Очевидно, что возможность проявить инициативность в движениях или действиях всегда, как и в нашем втором примере, основывается на предвидении, т. е. опять-таки на антеципации. Мы можем отважиться на нее только тогда, когда ясно представим себе, в какую сторону развернутся события и чего смогут достичь наши действия по отношению к ним. При этом условии мы не только будем защищены от вреда, которым грозит тот или иной случай, но и сможем иной раз уверенно заставить этот случай служить нам же.

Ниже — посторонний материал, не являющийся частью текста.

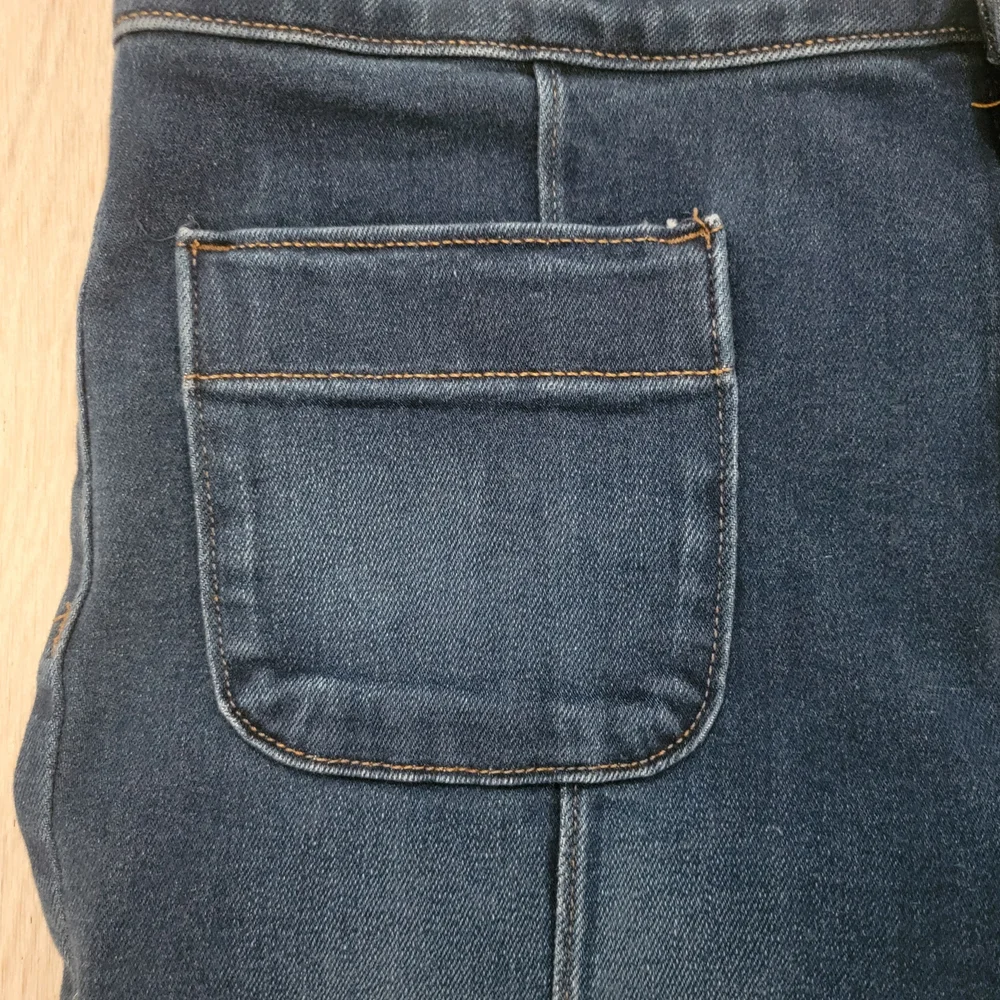 LC Lauren Conrad Dark Blue Flare Jeans - Picture 2 of 8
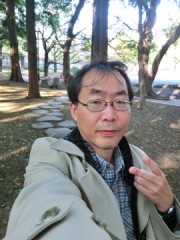 えりのラインが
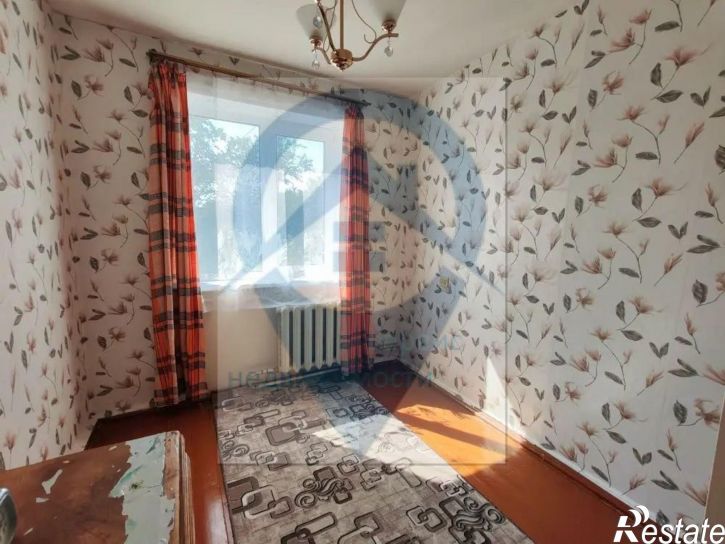 3-комн квартира Любимова ул, 22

В этом заключается новая, своеобразная черта ловкости, которая непосредственно проистекает из ее свойства находчивости и, в частности, из ее инициативности. Ловкость умеет не только тот или иной затрудняющий внешний случай, но даже зачастую и свой собственный промах повернуть себе же на пользу.

Вот два примера.

Футболист должен был правым носком подать мяч вправо же, своему партнеру-форварду; последний был наготове перехватить мяч и одним ударом вогнать его в ворота.

Но играющий споткнулся или поскользнулся; правая стопа его прошла правее, чем было нужно, и мяч покатился наискось влево. Прежде чем футболист успел что-нибудь сознательно сообразить, его инстинкт и опыт уже осуществляли новое решение той же задачи: опора после спотыкания передалась на правую ногу, дала ему прямой удар, которого не могли предвидеть ни его партнеры, ни тем более не ждавший отсюда атаки вратарь противника. Мяч был вбит. Весь эпизод занял вряд ли более двух секунд.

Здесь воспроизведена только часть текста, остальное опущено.